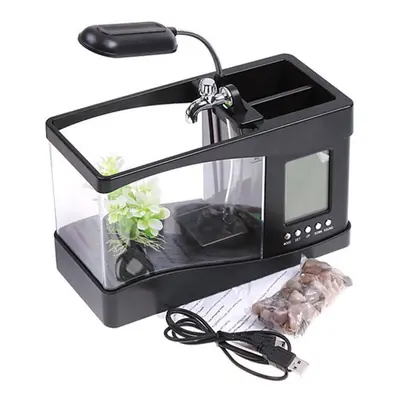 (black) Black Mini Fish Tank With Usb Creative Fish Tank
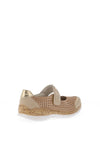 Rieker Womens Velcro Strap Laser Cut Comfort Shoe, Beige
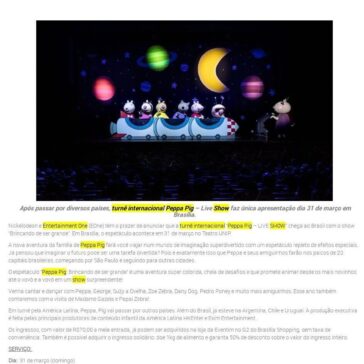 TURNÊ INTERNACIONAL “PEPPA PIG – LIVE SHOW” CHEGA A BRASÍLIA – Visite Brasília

--

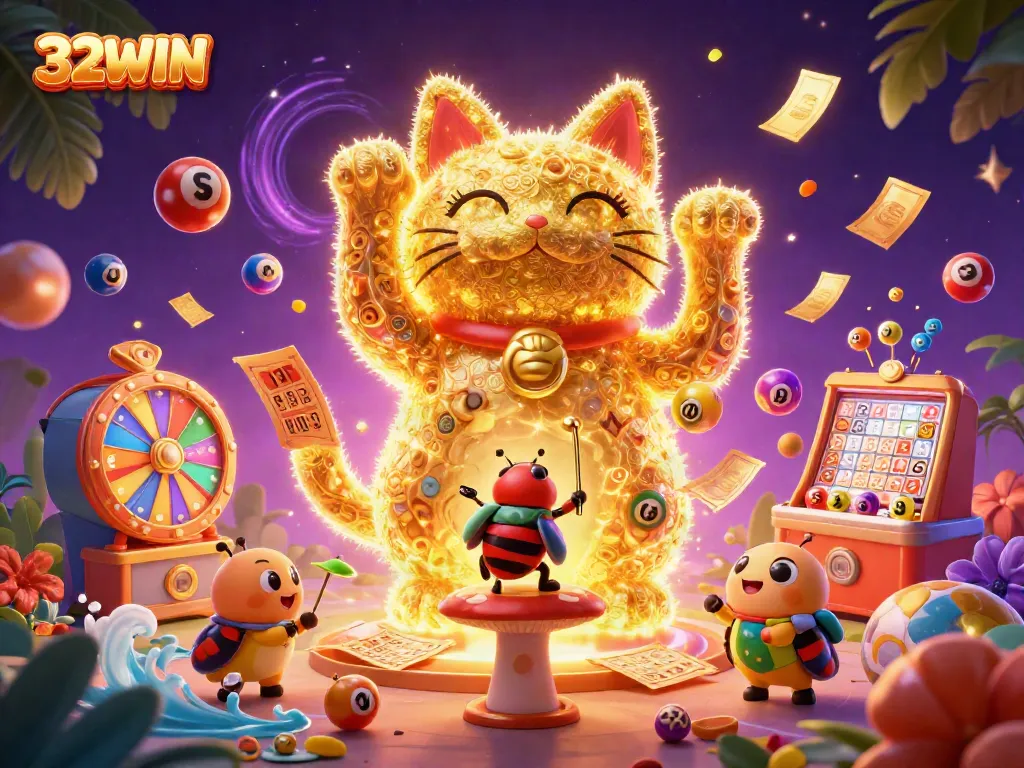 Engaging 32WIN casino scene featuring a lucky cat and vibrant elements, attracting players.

**Exercise prompt**
Using the data above, copy exactly the lines from the one containing "(black) Black Mini" to the one containing "BRASÍLIA – Visite Brasília", inclusive. Exclude the pictures.

**Exercise response**
 (black) Black Mini Fish Tank With Usb Creative Fish Tank
 Rieker Womens Velcro Strap Laser Cut Comfort Shoe, Beige
 TURNÊ INTERNACIONAL “PEPPA PIG – LIVE SHOW” CHEGA A BRASÍLIA – Visite Brasília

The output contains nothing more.